Faktor eksternal, kemiskinan yang diderita oleh individu itu disebabkan oleh faktor-faktor atau kekuatan-kekuatan yang ada di luar individu. Faktor eksternal ini terdiri dari alam dan faktor buatan. Faktor alam seperti keadaan alam dan sumber daya alam lainnya. Faktor buatan, seperti manusia yang terlibat di dalamnya, manusia bagaikan serigala bagi sesamanya.
Robert J. Lampman (dalam Anggraini : 2006), menyebutkan salah satu ciri mengenai sebab-sebab kemiskinan adalah dalam budaya yang tumbuh dalam individu yang mengalami deprivasi atau kemiskinan. Salah satu budaya yang tumbuh dalam individu yang mengalami kemiskinan adalah sikap Nrimo atau Fatalisme. Pemahaman seperti ini selalu menjunjung tinggi nilai-nilai tradisional, yang selalu bergantung pada pola pikir yang mengatakan bahwa kemiskinan itu adalah nasib.

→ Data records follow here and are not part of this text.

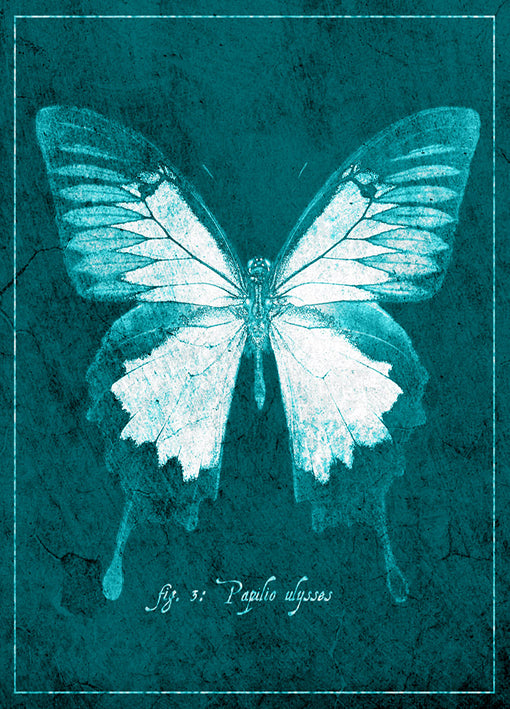 89438 Butterfly E, by GI artlab, available in multiple sizes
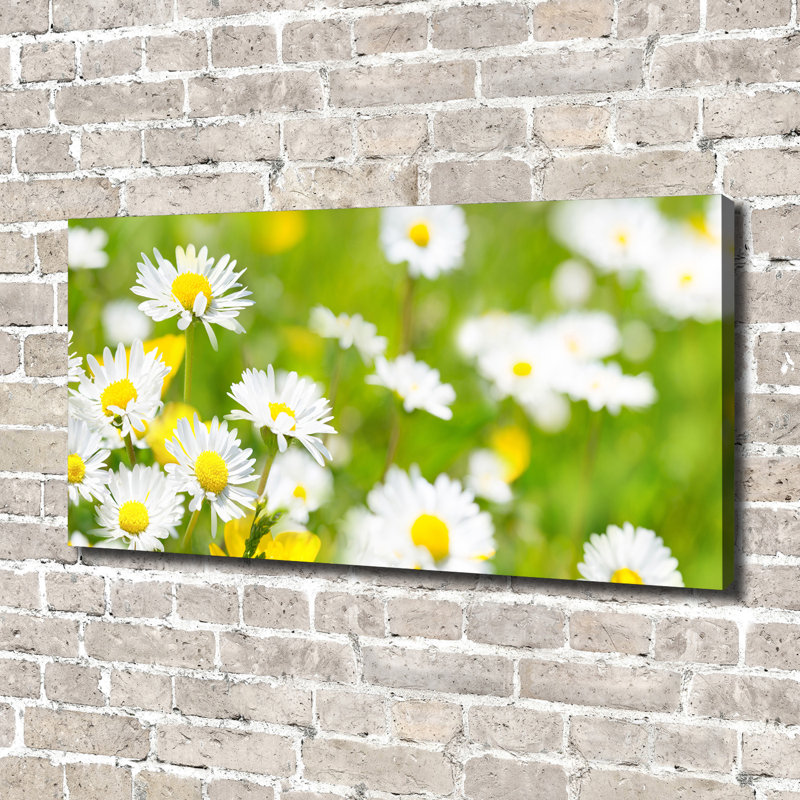 Daisies - Wrapped Canvas Print
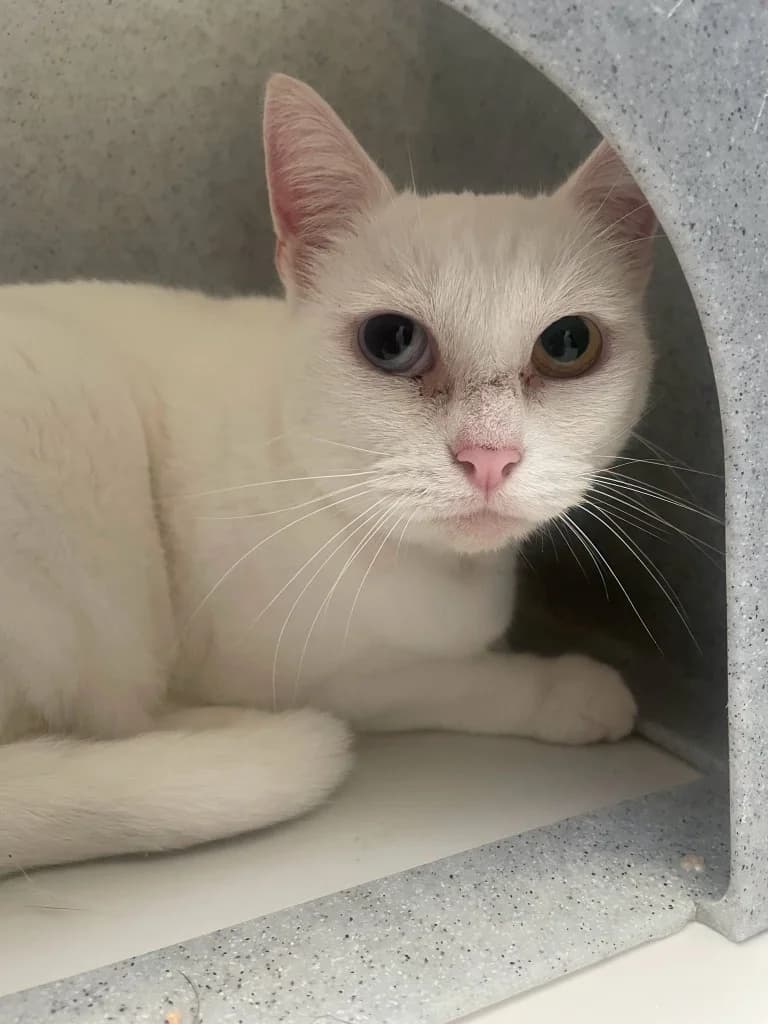 Snow, female 3yo Mixed Breed Cat for adoption at Yorkshire Cat Rescue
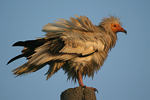 Egyptian Vulture   Neophron percnopterus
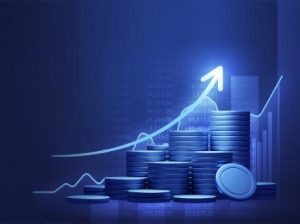 الأول كابيتال للاستشارات و الخدمات المالية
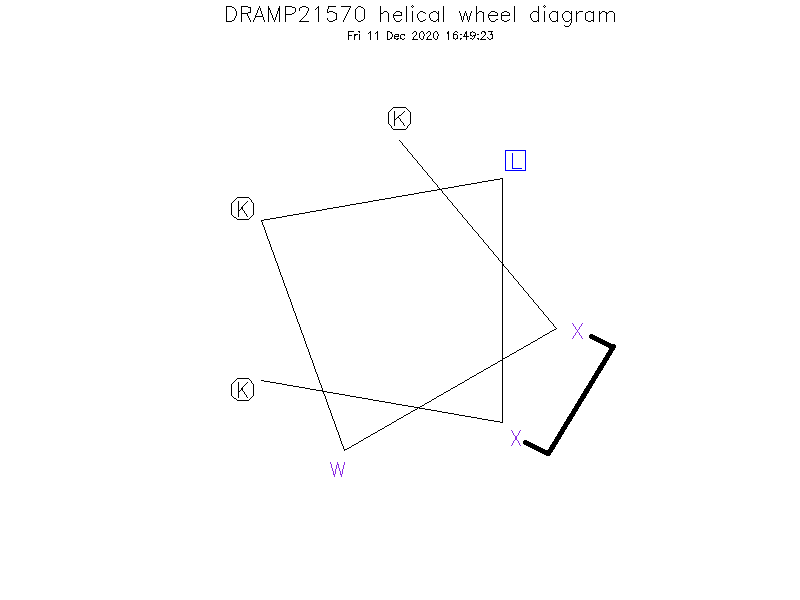 DRAMP21570 helical wheel diagram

A Levitan dalam Bayo (1996) mengatakan bahwa ciri kemiskinan itu nampak dari kurangnya barang-barang dan pelayanan-pelayanan yang dibutuhkan untuk mencapai standar hidup yang layak. Sementara itu, kemiskinan juga dicirikan oleh kekurangan gizi, pakaian dan perumahan yang tidak memadai, tingkat pendidikan yang rendah, tidak ada atau sedikit sekali kesempatan untuk memperoleh pelayanan kesehatan yang elementer dan lain-lain.

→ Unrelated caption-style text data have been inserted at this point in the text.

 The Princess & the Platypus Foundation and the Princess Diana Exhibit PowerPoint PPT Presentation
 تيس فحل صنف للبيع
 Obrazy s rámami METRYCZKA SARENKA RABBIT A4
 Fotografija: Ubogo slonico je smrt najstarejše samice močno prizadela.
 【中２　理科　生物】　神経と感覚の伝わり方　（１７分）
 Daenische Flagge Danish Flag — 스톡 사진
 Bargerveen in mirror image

John Friedman (dalam Andre Bayo, 1996) mengemukakan bahwa kemiskinan ditandai oleh ketidaksamaan kesempatan untuk mengakumulasikan basis kekuatan sosial, yang meliputi modal yang produktif atau aset (misalnya tanah, perumahan, peralatan, kesehatan, dan lain-lain), sumber-sumber keuangan (income dan kredit yang memadai), organisasi sosial dan politik yang dapat digunakan untuk dapat mencapai kepentingan bersama (partai politik, koperasi, dan sebagainya), jaringan sosial dan politik untuk memperoleh pekerjaan, pengetahuan, dan keterampilan yang memadai dan informasi yang berguna untuk mewujudkan kehidpan masyarakat.
Dewasa ini, sudah berkembang berbagai teori strategi dan kebijaksanaan yang digunakan di Indonesia untuk mengatasi dan memerangi kemiskinan, sehingga tidak mustahil apabila timbul sintesis dari berbagai teori, strategi dan kebijaksanaan baru dalam rangka memerangi dan menghapus kemiskinan, terutama kemiskinan di perkotaan dan daerah-daerah pinggiran kota.
Namun, kebijaksanaan tersebut diperlukan untuk memadukan pertumbuhan ekonomi dengan pembangunan manusia. Singarimbun (1996), mengemukakan bahwa seyogyanya pertumbuhan tersebut adalah dalam bentuk partisipatoris yang memberikan peluang bagi inisiatif perseorangan dalam berpartisipasi dalam pelaksanaan pembangunan, serta pendistribusian yang dapat menguntungkan bagi semua lapisan masyarakat.               
D.    Dimensi Kemiskinan Menurut P2KP
Dimensi kemiskinan menurut P2KP merupakan persoalan struktural dan multidimensional yang mencakup politik, sosial, ekonomi, aset dan lain-lain. Hal ini tentunya senada dengan jenis-jenis kegiatan pelaksanaan Program Penanggulangan Kemiskinan di Perkotaan (P2KP) yang telah ada di Kelurahan Abeli, berupa :
1.      Program sosial yang berorientasi mensejahterakan masyarakat di bidang sosialnya berupa pemberian sembako, pegobatan gratis.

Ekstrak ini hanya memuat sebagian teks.